Change – managing corporate change is part of everyone’s role these days, even if you don’t have the title of Change Manager.
A very close friend of mine recently changed jobs and companies, and although she was happy to be in her new role, each time I spoke to her, she sounded ‘out of sorts’ and very uncomfortable. Her explanation was that she hated not knowing the intricacies of the new role and felt at ‘risk’. When I reflected on how she described her other transitions in the past, I realised there is a pattern. During times of change we tend to question ourselves – and those questions often trigger a physical and emotional immune response.
Change creates a physical and emotional reaction, even if the changes are for good. Unpacking this phenomenon and then researching why change has these impacts … I realised that adults have a need to avoid loss – a loss of perceived competence, a loss of the known and familiar.
There are a few models of change out there, and we could read the books and do the courses, and still find it difficult to figure out how to implement the changes in the most effective and efficient ways.
If you think about what motivates us as human beings, it boils down to staying safe and finding pleasure, avoiding discomfort and striving for safety. One of the often overlooked issues in any change is what a person or people might lose, what might create a feeling of not safe … or avoiding loss.
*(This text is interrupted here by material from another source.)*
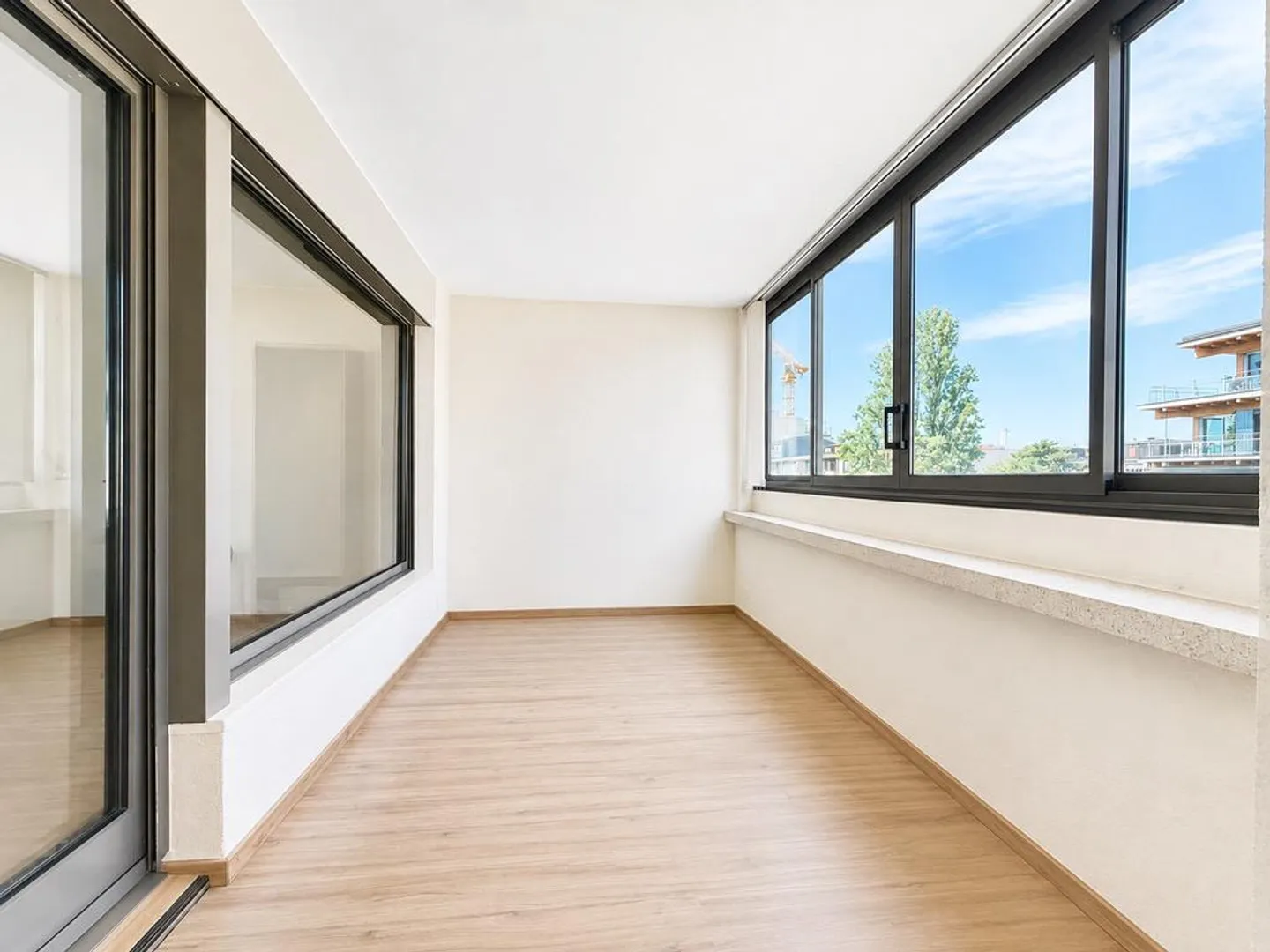 Spacious Apartment Near Les Nations - Photo 3 of 8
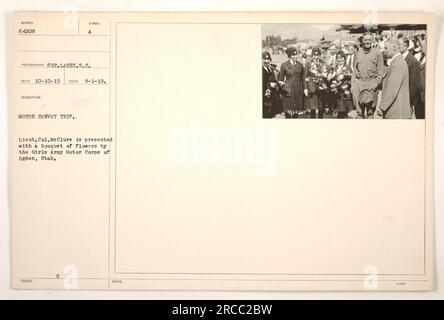 Lieut. McClure riceve un bouquet di fiori dalle Girls Army Motor Corps di Ogden, Utah, durante un viaggio in convoglio. L'evento avvenne il 1 agosto 1919 e fu catturato dal sergente Lacey. Foto Stock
As adults we crave and treasure competence and relying on our acquired skills and knowledge knowing what to do. When any change is predicted or occurring, our sense of competence and capability falls into question. Even if, on a logic level we know that we will be capable and able to learn – the sense of loss creates an emotional reaction, and a desire to resist the changes in
order to preserve the status quo.
In their research on Change – Professors Robert Kegan and Lisa Laskow Lahey of Harvard University, they liken these innate responses to the body’s immune system. The immune systems major function being to repel threats and keep the human body healthy. Fighting any real or perceived threat 24/7 and often without us even being conscious of it happening. All good and important things.
If this auto- immune response is so sub conscious then our awareness is low or non existent of it even occurring. When the immune response activates for real or perceived change – we are rarely even aware of our defence systems being activated, let alone any conscious analysis to determine if it is necessary or a good use of energy and focus.
Logic and rationality is only possible when we become conscious of the immune like reaction that our bodies have to change. When we are able to dissect the reaction and reasons for it, we can that start to apply some analysis and rational thinking – it might be to validate the fear reaction or dispute it with evidence and allocating appropriate proportion to it.
Kegan & Lahey have developed a framework that enables a person or groups to work through and determine what underlies the change reactions, validating and honouring the losses in a way that enables our logical and conscious mind make some decisions about appropriate responses to the change.
Although this process can be one of pure self reflection and completed independently, being guided through the process and framework by a third party, (such as a well trained facilitator) enables the conscious and subconscious fully engage in the exploration process. It’s one of the aspects of coaching that I have enjoyed over the years and have received great feedback from coaches at all levels of the organisation.